It's been a summer storm of pink slips. Along with Borders, Bank of America, Cisco, Lockheed Martin, and Goldman Sachs have all recently announced mass layoffs. In fact, the latest numbers show mass layoffs have jumped three percent this summer - with 145,000 people losing their jobs.

However, in the past 3 years, the number of mass layoffs has actually declined. That's good news, but economists say the numbers just aren't falling fast enough.

"They really need to be coming down much more rapidly to make a real dent in unemployment," says Jerry Nickelsburg, senior economist with UCLA Anderson Forecast.

The numbers didn't fall fast enough for Robert Ahlstrom. He spent four years working for the software company Novell - one of Provo Utah's most prominent businesses. Novell laid off more than 800 people in May, sending shockwaves through the city.

"My boss, he called me into the office and told me: 'You're one of the people that's gonna be laid off,'" Robert says.

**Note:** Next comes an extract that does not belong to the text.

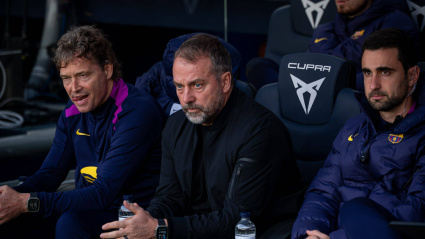 Hansi Flick, sentado en el banquillo del Camp Nou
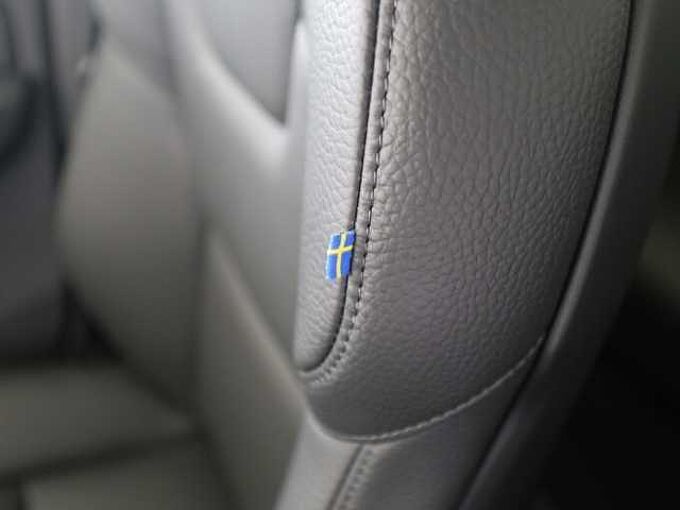 Volvo XC60 Plus Dark T6 19''LM HUD 360kam DAB ACC BLIS Lenkradhz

Robert says he's lucky - he's getting severance pay. Now he spends his days looking for work -- and working on his baseball swing.

At just 7.5 percent, Utah's unemployment rate is lower than the national average, so Robert is confident he'll find a new job.

"I think things are gonna turn around. I'm optimistic things are gonna get better," Robert says.

But back in San Diego, where California's unemployment rate is second-highest in the nation at a whopping 12 percent, Stacy's search for a new job is much harder.

"How can the economy support all those people looking for jobs? It makes me feel like I have a lot more competition," Stacy says.

It's a competition she can't afford to lose.